There was significant stock appreciation in four out of the last five years for this New Year period, according to the Kensho data. This helped Netflix to be the best-performing FANG stock for this timeframe.
Typically, the fourth quarter of the year is one of the strongest for Netflix, with earnings in that period beating market consensus in 2011 to 2015. This often helps the stock rally and if history is anything to go by, this could help the stock, according to analysts, particularly as the company is continuing to push aggressively into new markets and ramping up content spend.
In January, Netflix announced it was available in 190 countries, and recently announced its intention to spend $6 billion on content next year. It also became the top grossing app on Apple's iPhone this month and introduced an offline mode to boost the attractiveness of its mobile offering.
There has been some concern that Netflix will struggle to grow its domestic subscriber base, but the video streaming service topped analyst estimates in its latest third-quarter earnings to help absolve some of those fears.
Still, the factors that could help Netflix find more growth are also areas which could hold Netflix back.
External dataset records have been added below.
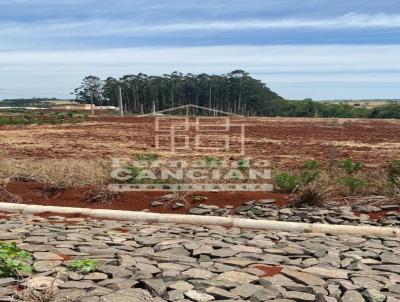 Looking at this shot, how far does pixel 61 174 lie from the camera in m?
9.95

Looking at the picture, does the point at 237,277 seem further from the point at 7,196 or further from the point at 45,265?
the point at 7,196

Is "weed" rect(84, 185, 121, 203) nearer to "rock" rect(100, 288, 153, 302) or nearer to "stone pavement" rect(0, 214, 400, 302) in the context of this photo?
"stone pavement" rect(0, 214, 400, 302)

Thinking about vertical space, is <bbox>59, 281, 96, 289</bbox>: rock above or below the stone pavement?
above

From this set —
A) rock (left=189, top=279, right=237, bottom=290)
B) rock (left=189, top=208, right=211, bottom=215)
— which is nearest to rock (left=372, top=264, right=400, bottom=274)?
rock (left=189, top=279, right=237, bottom=290)

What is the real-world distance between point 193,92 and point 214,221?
68.8 metres

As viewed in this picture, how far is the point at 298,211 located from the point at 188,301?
13.9ft

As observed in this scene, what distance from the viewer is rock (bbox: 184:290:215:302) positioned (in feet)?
13.6

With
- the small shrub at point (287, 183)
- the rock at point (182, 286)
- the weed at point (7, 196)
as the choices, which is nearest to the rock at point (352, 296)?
the rock at point (182, 286)

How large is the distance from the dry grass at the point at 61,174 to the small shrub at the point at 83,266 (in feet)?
16.5

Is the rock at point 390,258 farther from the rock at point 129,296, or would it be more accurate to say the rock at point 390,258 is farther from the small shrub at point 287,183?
the small shrub at point 287,183

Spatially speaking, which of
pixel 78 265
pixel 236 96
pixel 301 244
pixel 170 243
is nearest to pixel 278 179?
pixel 301 244

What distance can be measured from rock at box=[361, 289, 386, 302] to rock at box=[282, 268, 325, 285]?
40 cm

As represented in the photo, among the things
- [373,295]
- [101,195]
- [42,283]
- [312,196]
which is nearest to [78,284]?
[42,283]

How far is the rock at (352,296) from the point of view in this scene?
4.22 meters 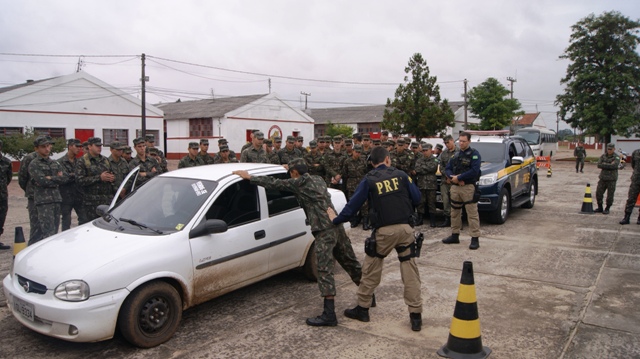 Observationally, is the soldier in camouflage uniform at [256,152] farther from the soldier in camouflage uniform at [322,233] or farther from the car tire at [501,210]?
the car tire at [501,210]

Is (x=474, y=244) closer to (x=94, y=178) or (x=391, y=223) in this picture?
(x=391, y=223)

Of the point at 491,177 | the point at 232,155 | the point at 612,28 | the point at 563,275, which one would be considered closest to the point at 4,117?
the point at 232,155

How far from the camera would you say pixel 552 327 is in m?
4.75

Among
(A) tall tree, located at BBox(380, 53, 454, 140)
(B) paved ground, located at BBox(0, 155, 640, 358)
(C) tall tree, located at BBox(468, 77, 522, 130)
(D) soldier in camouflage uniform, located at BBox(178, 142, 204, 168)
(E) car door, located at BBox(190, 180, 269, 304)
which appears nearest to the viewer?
(B) paved ground, located at BBox(0, 155, 640, 358)

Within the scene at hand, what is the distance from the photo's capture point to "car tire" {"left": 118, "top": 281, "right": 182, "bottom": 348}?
13.4 ft

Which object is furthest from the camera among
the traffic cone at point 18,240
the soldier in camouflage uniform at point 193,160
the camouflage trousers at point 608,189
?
the camouflage trousers at point 608,189

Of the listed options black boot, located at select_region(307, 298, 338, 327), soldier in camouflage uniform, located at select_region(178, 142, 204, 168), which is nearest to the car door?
black boot, located at select_region(307, 298, 338, 327)

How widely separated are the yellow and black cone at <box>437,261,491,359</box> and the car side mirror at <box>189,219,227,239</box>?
2.28 meters

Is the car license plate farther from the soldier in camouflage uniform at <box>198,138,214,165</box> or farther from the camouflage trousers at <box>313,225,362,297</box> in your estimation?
the soldier in camouflage uniform at <box>198,138,214,165</box>

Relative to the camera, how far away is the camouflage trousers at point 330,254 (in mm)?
4762

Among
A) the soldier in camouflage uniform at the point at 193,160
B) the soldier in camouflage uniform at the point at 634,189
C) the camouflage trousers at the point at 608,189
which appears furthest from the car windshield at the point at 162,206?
the camouflage trousers at the point at 608,189

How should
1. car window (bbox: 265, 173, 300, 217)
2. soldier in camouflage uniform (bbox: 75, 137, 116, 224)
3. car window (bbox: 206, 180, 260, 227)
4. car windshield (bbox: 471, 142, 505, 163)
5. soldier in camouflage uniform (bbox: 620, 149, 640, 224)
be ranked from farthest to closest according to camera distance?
car windshield (bbox: 471, 142, 505, 163), soldier in camouflage uniform (bbox: 620, 149, 640, 224), soldier in camouflage uniform (bbox: 75, 137, 116, 224), car window (bbox: 265, 173, 300, 217), car window (bbox: 206, 180, 260, 227)

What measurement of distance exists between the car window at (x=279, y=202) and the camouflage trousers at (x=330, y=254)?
2.71 ft

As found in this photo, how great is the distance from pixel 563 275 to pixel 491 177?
350 cm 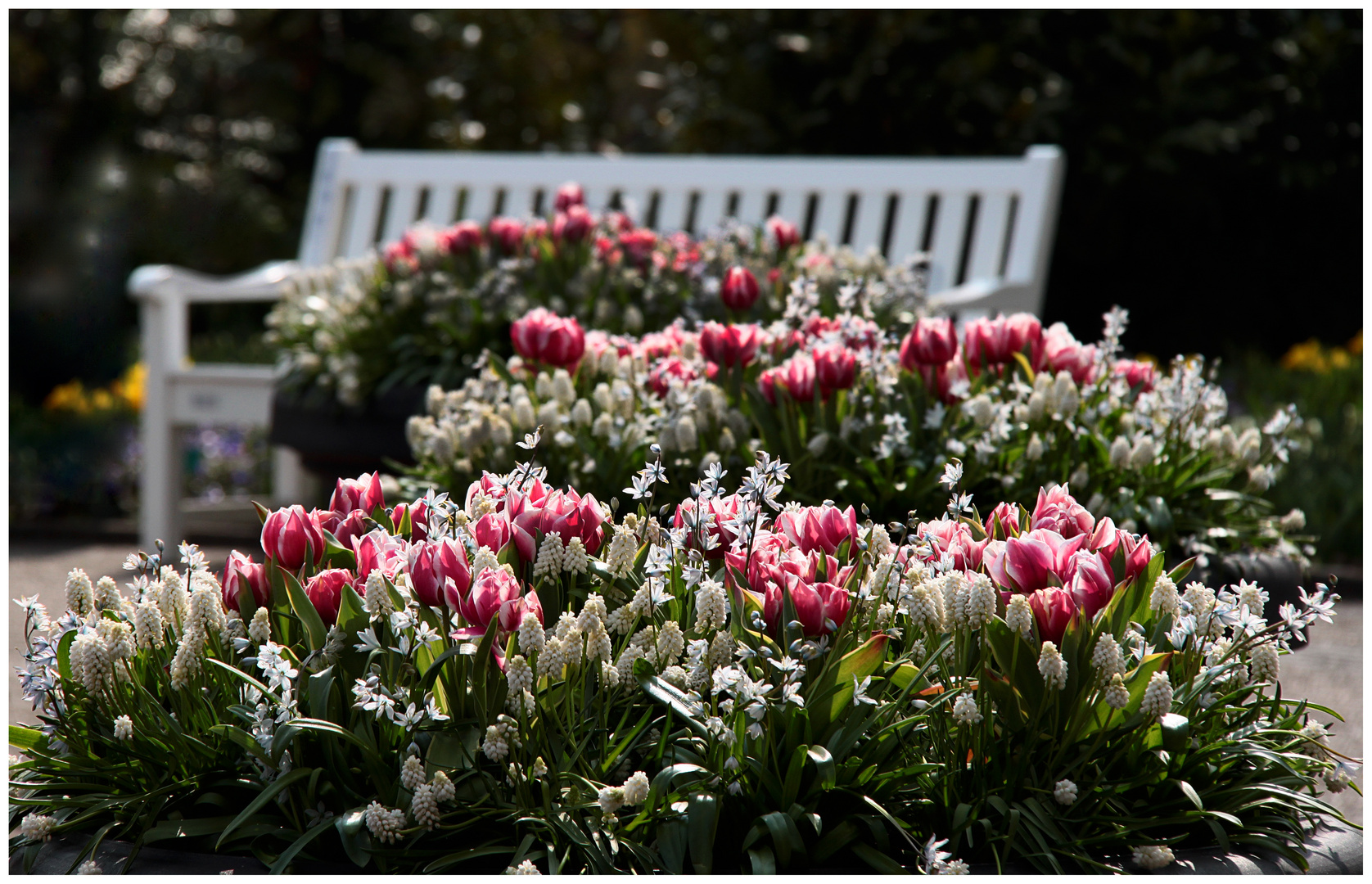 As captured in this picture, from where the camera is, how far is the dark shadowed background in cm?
588

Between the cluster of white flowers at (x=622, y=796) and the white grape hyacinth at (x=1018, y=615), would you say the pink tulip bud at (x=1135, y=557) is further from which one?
the cluster of white flowers at (x=622, y=796)

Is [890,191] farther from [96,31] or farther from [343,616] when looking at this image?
[96,31]

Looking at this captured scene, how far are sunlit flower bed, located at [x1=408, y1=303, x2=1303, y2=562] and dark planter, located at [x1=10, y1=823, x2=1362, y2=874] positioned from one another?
87cm

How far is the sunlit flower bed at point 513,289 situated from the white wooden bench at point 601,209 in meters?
0.36

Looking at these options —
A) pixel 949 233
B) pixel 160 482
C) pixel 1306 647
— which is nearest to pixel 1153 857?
pixel 1306 647

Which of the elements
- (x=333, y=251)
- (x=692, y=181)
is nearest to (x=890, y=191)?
(x=692, y=181)

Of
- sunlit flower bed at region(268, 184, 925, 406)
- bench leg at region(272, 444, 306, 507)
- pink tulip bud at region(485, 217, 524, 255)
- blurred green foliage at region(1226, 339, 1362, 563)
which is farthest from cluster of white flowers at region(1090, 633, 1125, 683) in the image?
bench leg at region(272, 444, 306, 507)

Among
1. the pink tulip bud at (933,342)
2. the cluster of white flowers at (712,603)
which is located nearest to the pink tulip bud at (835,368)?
the pink tulip bud at (933,342)

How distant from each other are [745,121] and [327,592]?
5.20 m

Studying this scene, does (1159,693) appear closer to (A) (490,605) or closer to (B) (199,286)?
(A) (490,605)

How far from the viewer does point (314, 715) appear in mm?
1182

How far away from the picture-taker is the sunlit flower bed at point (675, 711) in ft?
3.81

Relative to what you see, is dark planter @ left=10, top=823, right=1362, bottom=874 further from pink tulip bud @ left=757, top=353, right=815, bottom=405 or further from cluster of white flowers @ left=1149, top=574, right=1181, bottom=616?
pink tulip bud @ left=757, top=353, right=815, bottom=405

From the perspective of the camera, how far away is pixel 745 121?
6.16 metres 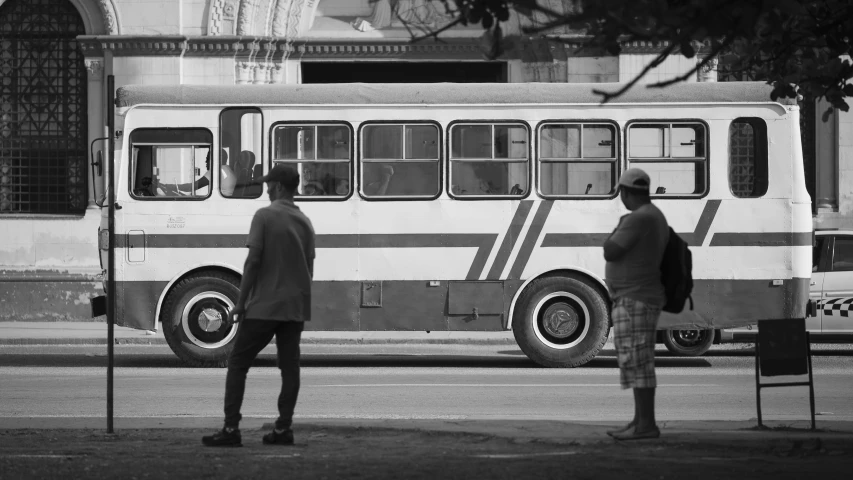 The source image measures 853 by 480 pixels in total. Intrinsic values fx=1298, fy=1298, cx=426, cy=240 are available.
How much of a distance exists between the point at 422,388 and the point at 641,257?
192 inches

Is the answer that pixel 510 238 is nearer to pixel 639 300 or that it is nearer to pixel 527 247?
pixel 527 247

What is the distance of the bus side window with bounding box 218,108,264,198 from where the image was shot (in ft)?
49.8

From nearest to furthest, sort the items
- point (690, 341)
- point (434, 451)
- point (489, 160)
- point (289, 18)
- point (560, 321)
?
1. point (434, 451)
2. point (560, 321)
3. point (489, 160)
4. point (690, 341)
5. point (289, 18)

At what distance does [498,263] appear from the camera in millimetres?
15109

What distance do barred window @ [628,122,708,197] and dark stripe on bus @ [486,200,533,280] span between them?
1.35m

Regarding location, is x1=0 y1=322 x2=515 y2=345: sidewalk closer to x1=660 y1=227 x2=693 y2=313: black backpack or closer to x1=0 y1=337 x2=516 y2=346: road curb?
x1=0 y1=337 x2=516 y2=346: road curb

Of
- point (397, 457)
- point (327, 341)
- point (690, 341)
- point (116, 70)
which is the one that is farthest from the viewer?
point (116, 70)

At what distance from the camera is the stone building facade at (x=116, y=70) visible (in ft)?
74.1

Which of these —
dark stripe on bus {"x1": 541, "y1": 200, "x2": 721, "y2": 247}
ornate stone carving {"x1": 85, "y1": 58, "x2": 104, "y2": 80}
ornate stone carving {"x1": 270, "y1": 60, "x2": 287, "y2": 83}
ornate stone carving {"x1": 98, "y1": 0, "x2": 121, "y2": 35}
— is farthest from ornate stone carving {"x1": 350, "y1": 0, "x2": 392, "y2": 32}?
dark stripe on bus {"x1": 541, "y1": 200, "x2": 721, "y2": 247}

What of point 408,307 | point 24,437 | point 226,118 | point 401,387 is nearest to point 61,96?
point 226,118

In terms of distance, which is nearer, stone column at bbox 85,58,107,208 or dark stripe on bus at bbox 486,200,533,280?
dark stripe on bus at bbox 486,200,533,280

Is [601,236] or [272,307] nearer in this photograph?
[272,307]

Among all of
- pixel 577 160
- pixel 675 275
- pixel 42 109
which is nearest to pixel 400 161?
pixel 577 160

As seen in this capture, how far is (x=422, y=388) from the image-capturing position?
12.6 meters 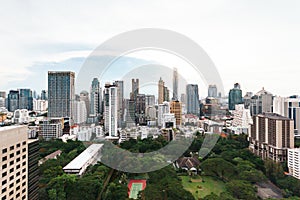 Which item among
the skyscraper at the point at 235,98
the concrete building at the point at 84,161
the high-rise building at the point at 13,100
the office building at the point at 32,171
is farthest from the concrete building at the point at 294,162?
the high-rise building at the point at 13,100

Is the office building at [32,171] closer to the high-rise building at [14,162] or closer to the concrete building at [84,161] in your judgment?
the high-rise building at [14,162]

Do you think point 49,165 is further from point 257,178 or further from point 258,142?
point 258,142

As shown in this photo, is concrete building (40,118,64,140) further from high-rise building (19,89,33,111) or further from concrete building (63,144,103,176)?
high-rise building (19,89,33,111)

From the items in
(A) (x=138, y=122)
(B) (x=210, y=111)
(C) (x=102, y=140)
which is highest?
(B) (x=210, y=111)

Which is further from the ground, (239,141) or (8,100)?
(8,100)

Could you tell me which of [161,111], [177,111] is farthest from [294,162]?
[161,111]

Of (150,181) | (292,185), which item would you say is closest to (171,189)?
(150,181)
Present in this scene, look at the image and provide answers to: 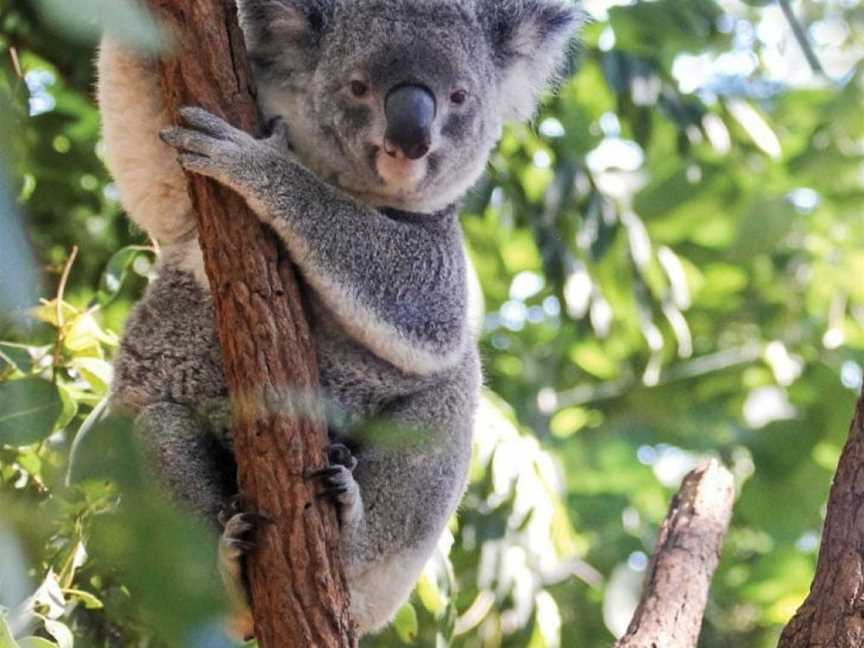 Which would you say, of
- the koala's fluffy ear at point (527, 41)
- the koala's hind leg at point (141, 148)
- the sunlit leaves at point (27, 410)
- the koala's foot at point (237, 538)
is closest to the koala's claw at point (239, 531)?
the koala's foot at point (237, 538)

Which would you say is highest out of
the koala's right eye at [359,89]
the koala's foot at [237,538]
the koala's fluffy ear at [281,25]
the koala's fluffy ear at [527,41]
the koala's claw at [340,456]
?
the koala's fluffy ear at [281,25]

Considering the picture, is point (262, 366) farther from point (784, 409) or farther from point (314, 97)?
point (784, 409)

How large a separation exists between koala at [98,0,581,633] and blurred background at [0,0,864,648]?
255 mm

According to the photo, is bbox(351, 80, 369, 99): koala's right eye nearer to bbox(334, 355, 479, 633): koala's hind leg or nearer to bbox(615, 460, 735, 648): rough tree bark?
bbox(334, 355, 479, 633): koala's hind leg

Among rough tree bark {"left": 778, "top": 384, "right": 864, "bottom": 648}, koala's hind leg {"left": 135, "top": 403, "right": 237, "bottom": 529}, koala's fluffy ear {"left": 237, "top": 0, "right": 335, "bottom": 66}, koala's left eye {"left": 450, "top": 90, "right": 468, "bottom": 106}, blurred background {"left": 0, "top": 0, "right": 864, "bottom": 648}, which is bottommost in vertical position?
blurred background {"left": 0, "top": 0, "right": 864, "bottom": 648}

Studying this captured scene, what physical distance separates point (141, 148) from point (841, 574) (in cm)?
190

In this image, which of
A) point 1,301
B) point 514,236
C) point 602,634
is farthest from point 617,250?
point 1,301

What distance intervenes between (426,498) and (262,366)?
89 cm

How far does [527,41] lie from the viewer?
3.60 metres

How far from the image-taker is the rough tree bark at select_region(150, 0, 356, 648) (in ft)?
8.16

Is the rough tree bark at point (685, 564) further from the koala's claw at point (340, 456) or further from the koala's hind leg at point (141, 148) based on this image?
the koala's hind leg at point (141, 148)

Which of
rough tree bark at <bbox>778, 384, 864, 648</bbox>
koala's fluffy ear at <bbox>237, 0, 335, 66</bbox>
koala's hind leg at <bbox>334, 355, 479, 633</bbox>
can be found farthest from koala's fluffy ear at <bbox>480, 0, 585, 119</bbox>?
rough tree bark at <bbox>778, 384, 864, 648</bbox>

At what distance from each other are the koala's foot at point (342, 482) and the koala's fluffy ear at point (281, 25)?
3.37 ft

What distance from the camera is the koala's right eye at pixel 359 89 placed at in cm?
312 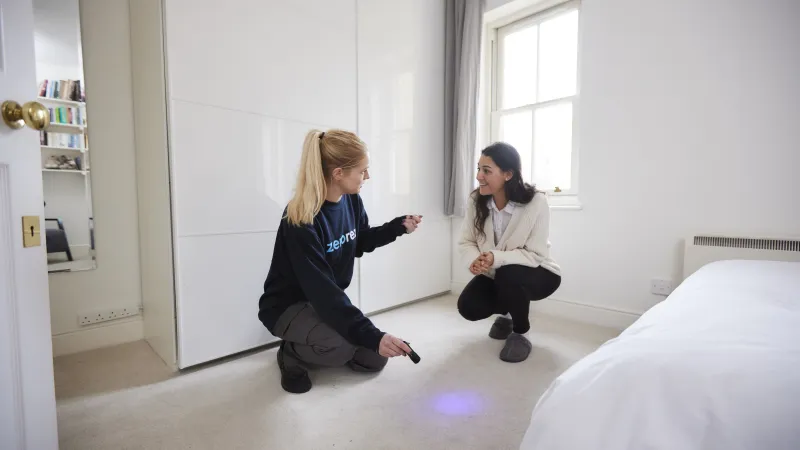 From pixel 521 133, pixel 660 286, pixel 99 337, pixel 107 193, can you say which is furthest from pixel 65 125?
pixel 660 286

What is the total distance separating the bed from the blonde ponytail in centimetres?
102

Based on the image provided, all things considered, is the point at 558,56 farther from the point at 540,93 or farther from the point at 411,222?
the point at 411,222

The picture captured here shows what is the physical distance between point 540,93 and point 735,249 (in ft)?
5.03

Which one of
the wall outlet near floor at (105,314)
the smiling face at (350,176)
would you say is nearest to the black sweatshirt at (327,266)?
the smiling face at (350,176)

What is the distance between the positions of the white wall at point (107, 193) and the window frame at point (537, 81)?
2389 millimetres

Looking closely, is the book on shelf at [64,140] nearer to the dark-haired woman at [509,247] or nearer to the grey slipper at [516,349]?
the dark-haired woman at [509,247]

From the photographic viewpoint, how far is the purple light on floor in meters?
1.30

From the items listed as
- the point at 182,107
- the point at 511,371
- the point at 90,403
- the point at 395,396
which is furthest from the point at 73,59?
the point at 511,371

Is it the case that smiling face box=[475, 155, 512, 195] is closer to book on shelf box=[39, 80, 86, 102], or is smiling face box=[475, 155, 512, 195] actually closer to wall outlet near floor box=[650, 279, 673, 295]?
wall outlet near floor box=[650, 279, 673, 295]

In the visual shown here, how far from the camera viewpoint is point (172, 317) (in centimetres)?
164

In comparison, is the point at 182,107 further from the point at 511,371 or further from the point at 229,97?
the point at 511,371

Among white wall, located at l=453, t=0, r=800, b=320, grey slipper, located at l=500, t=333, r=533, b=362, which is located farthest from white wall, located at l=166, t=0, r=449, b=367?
white wall, located at l=453, t=0, r=800, b=320

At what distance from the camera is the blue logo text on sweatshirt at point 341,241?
148 centimetres

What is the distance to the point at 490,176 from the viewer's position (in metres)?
1.87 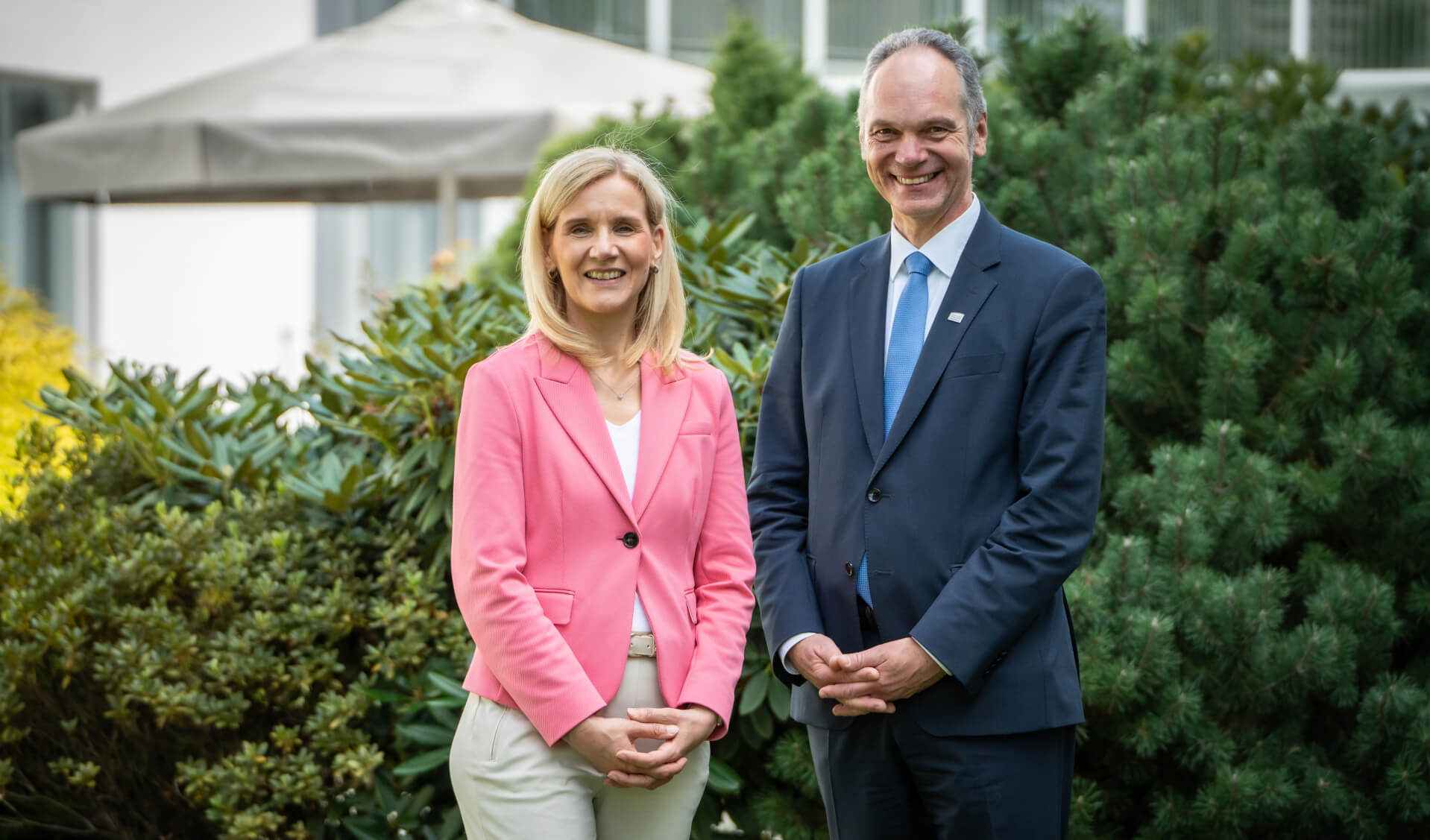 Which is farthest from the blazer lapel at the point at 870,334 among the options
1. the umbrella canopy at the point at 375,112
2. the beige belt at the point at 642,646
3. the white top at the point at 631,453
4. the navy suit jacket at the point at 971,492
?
the umbrella canopy at the point at 375,112

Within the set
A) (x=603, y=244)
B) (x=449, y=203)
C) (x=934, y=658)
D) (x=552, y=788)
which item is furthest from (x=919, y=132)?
(x=449, y=203)

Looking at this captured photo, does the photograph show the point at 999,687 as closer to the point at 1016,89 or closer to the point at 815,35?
the point at 1016,89

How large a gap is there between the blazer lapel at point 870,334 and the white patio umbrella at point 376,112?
4134 millimetres

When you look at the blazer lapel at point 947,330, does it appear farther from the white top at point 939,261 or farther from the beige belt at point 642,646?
the beige belt at point 642,646

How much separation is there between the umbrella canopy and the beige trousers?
15.6ft

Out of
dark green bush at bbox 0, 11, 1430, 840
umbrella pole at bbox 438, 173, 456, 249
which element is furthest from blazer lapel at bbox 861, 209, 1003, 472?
umbrella pole at bbox 438, 173, 456, 249

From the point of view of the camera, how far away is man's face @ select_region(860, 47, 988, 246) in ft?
7.46

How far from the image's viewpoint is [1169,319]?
3670mm

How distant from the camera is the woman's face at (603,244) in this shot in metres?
2.22

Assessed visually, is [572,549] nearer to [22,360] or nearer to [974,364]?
[974,364]

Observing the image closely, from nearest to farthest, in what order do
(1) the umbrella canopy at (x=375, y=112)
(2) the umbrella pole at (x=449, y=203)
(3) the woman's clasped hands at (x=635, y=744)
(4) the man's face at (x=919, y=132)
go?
(3) the woman's clasped hands at (x=635, y=744) < (4) the man's face at (x=919, y=132) < (1) the umbrella canopy at (x=375, y=112) < (2) the umbrella pole at (x=449, y=203)

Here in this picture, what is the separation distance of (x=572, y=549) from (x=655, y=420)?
0.28m

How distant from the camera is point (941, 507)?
2.21m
"I think the competitive environment is getting very stiff, Amazon is investing heavily in original content … Netlfix has been lucky to have the string of hits but you have players with deep pockets and the potential to outbid Netflix for some content. That is the concern we have on Netflix," Neil Doshi, senior analyst at Mizuho Securities, told CNBC by phone.
"They haven't really shown much in the way of some of the new countries like Japan and India, these are very big markets and our concern if you can't get these right, it could limit the total addressable market."